Dua tahun air bersahabat, rupanya tahun ketiga jadi momen yang mengejutkan. Bersahabat dalam arti tidak kekurangan saat kemarau dan tidak kebanjiran saat musim hujan.
Tak terbayangkan banjir akan datang. Barulah saya sadar mengapa para tetangga meninggikan lantai rumah dan jalan depannya. Saya heran kenapa tak seorang pun memberi tahu soal potensi banjir di kawasan perumahan yang kami huni. Tahu gitu saya beli apartemen yang banyak direkomendasi di Surabaya.
Untung ada sumur gali
Akibat genangan air yang merajalela, sampai merangsek dalam rumah, maka kami pun terpaksa mengungsi ke rumah adik yang ada di kecamatan sebelah. Sanitasi terganggu dan aktivitas sehari-hari tak bisa terpenuhi.
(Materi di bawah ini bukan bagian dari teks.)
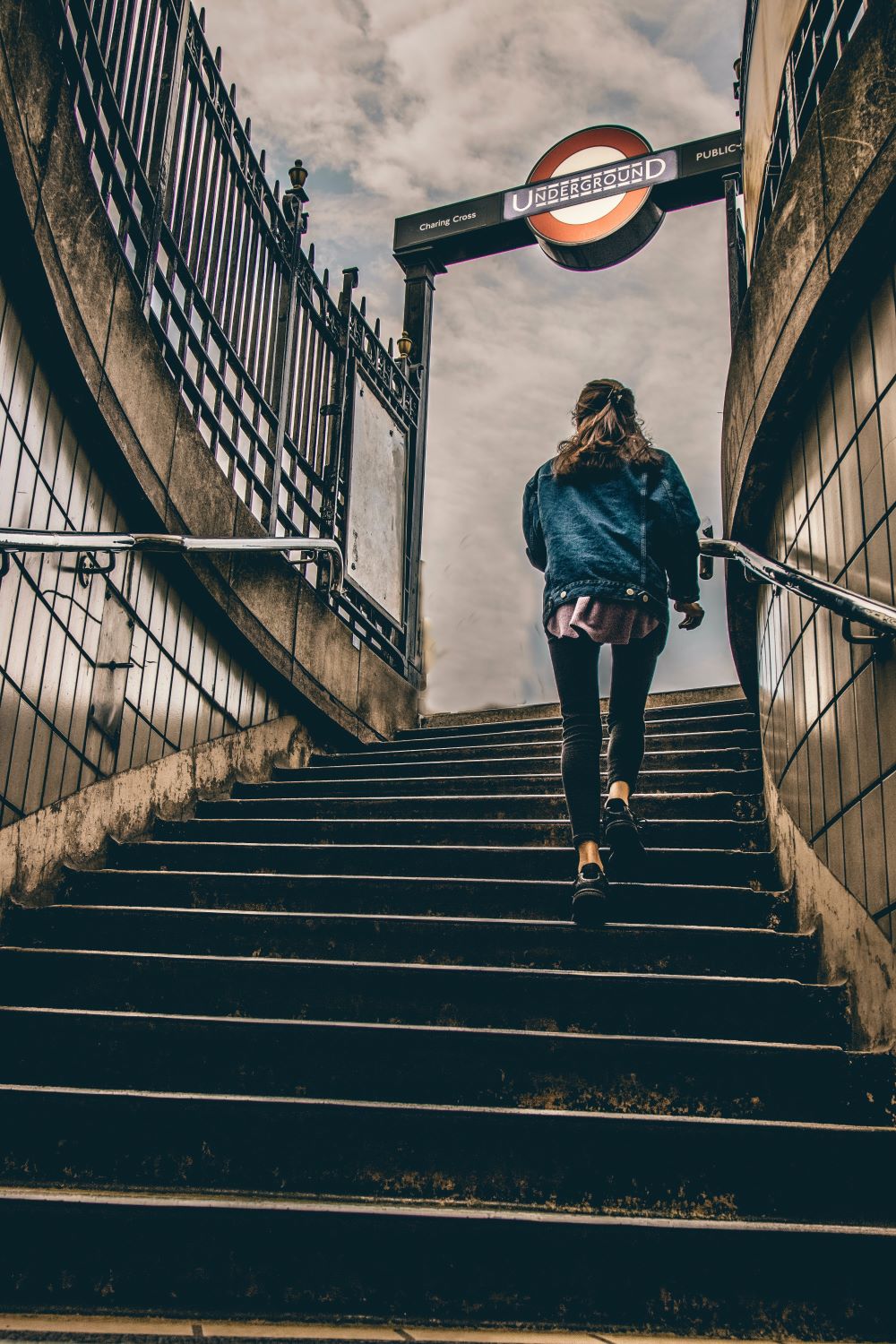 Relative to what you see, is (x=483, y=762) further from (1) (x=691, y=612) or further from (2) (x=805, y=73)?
(2) (x=805, y=73)

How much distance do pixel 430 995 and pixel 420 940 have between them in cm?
28

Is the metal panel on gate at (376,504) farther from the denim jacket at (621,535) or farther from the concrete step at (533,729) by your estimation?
the denim jacket at (621,535)

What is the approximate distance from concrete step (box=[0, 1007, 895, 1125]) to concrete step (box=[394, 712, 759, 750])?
96.0 inches

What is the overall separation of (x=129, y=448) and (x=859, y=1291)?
367 cm

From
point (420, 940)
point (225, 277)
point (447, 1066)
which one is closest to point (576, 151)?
point (225, 277)

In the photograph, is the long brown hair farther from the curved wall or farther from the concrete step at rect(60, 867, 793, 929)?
the curved wall

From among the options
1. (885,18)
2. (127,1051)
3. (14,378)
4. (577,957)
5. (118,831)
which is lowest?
(127,1051)

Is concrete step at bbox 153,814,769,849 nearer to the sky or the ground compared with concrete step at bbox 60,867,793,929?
nearer to the sky

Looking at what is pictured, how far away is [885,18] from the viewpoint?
Answer: 2.49 metres

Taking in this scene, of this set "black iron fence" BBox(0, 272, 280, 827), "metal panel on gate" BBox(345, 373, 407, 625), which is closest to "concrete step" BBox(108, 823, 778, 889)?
"black iron fence" BBox(0, 272, 280, 827)

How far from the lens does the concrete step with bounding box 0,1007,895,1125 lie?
7.37 feet

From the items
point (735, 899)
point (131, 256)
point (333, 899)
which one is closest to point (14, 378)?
point (131, 256)

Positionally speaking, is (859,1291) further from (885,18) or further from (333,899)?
(885,18)

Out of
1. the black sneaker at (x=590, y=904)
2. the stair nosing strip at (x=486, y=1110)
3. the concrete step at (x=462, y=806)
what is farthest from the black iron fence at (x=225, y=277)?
the stair nosing strip at (x=486, y=1110) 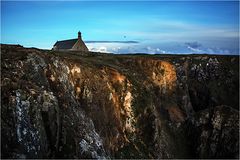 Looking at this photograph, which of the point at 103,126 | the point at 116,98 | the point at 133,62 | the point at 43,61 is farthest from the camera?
the point at 133,62

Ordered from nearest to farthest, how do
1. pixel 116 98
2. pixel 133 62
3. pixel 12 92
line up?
pixel 12 92 < pixel 116 98 < pixel 133 62

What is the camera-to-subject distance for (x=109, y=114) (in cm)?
4388

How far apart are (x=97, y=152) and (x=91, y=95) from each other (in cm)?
1022

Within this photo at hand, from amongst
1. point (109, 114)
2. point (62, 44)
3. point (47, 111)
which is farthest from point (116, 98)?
point (62, 44)

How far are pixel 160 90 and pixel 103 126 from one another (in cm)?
2656

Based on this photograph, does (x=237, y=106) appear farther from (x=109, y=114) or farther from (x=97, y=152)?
(x=97, y=152)

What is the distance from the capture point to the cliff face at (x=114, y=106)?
→ 27422mm

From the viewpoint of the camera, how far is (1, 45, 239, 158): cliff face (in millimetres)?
27422

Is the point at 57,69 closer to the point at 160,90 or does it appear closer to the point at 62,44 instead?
the point at 160,90

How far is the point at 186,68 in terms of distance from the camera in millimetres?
78250

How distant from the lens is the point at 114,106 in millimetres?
45312

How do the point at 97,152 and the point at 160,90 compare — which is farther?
the point at 160,90

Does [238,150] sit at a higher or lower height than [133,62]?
lower

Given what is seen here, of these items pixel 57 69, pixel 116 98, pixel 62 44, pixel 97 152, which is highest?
pixel 62 44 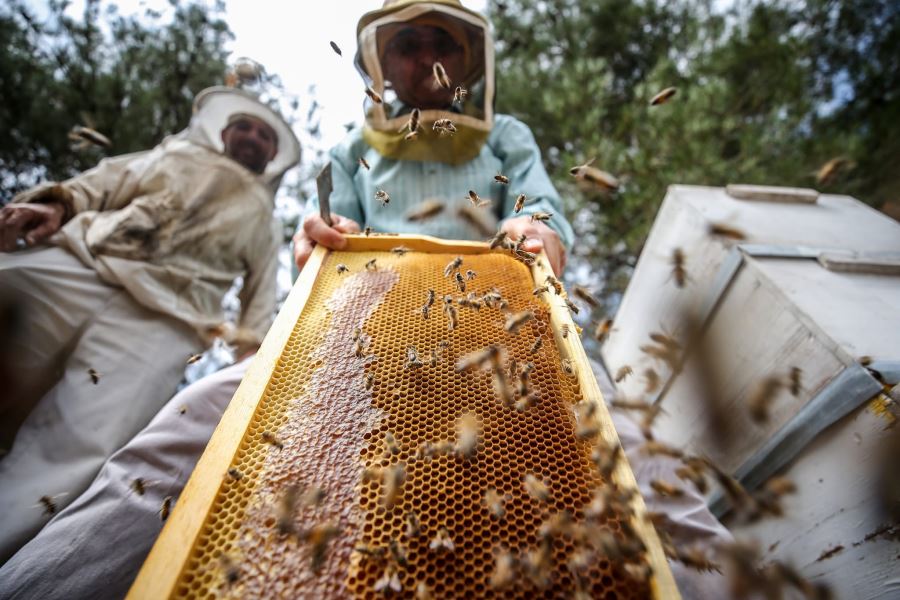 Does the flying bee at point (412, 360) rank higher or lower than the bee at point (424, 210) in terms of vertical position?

Untunglah, kami dulu memutuskan membuat sumur galian di depan rumah. Ya, memang rumah mungil itu jadi terasa kian sempit gara-gara sumur gali di bawah gazebo. Alhamdulillah gazebo mini itu menambah sedikit estetika sehingga sumur terkamuflase.
Kehadiran sumur galian ini sungguh bermanfaat bagi kami selama musim kemarau, apalagi musim panas sangat panjang seperti sekarang. Ditambah air PDAM yang sering mati, jadilah sumur ini kian kami andalkan.
Bukan cuma kami yang terbantu, tapi juga tetangga sebelah yang ikut menikmatinya. Tanpa perlu merogoh uang untuk beli air bersih, kami bisa cebok dan mandi. Padahal pembelian air pun harus mengantre loh, jadi sumur galian cukup menguntungkan.
Namun, belakangan ada kabar bahwa pemanfaatan air tanah akan diatur dalam undang-undang. Artinya, ada kemungkinan mengambil air di tanah kita sendiri bakal dikutip pajak atau biaya tertentu. Kita tunggu saja.